-- EXCERPTED RECORDS follows --
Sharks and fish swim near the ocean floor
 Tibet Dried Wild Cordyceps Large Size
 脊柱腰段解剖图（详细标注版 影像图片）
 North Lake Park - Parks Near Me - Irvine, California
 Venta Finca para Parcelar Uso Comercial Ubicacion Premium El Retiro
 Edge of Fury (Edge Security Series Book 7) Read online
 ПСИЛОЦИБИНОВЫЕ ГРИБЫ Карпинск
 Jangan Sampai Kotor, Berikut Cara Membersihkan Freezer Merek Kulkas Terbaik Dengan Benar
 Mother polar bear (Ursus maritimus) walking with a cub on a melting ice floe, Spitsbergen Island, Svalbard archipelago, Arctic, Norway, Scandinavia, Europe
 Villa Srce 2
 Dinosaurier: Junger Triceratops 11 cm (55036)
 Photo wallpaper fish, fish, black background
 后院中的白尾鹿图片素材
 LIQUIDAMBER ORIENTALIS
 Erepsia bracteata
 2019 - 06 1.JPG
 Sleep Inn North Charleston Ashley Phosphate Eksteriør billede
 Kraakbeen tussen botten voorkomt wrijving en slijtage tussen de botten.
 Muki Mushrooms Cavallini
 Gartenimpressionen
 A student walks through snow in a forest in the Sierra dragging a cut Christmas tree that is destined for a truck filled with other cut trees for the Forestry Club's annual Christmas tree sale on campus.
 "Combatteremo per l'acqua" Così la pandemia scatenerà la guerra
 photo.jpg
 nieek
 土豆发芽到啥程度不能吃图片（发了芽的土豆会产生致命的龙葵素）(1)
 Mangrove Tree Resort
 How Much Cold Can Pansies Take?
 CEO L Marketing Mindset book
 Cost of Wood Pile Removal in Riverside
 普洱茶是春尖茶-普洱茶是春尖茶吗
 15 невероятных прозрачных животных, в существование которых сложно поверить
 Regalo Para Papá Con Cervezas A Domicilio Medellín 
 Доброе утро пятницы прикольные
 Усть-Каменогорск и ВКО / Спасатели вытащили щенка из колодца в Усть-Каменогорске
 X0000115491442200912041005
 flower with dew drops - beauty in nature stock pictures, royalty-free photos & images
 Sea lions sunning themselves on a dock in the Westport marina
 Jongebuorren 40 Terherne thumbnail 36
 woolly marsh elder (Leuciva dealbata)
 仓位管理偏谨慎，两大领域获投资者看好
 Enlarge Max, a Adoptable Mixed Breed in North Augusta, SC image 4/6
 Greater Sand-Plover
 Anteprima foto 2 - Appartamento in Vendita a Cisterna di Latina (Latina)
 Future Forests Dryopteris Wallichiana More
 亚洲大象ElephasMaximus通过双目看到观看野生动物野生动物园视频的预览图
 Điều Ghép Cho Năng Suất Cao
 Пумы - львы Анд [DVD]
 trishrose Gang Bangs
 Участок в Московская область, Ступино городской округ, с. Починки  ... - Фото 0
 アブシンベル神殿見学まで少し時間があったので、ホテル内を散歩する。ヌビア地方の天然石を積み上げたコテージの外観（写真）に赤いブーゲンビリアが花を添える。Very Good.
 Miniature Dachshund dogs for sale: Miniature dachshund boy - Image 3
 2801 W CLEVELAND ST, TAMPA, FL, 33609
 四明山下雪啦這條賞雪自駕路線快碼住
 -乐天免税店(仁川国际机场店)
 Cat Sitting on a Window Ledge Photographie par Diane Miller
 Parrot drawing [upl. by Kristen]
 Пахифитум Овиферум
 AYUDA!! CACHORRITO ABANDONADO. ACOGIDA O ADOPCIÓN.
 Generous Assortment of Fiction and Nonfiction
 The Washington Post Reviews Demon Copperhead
-- EXCERPTED RECORDS concluded --
> _WORK TO BE COMPLETED_
When a line in the listing above holds the word "sale", copy it.

> _REPLY TO THE TASK_
 A student walks through snow in a forest in the Sierra dragging a cut Christmas tree that is destined for a truck filled with other cut trees for the Forestry Club's annual Christmas tree sale on campus.
 Miniature Dachshund dogs for sale: Miniature dachshund boy - Image 3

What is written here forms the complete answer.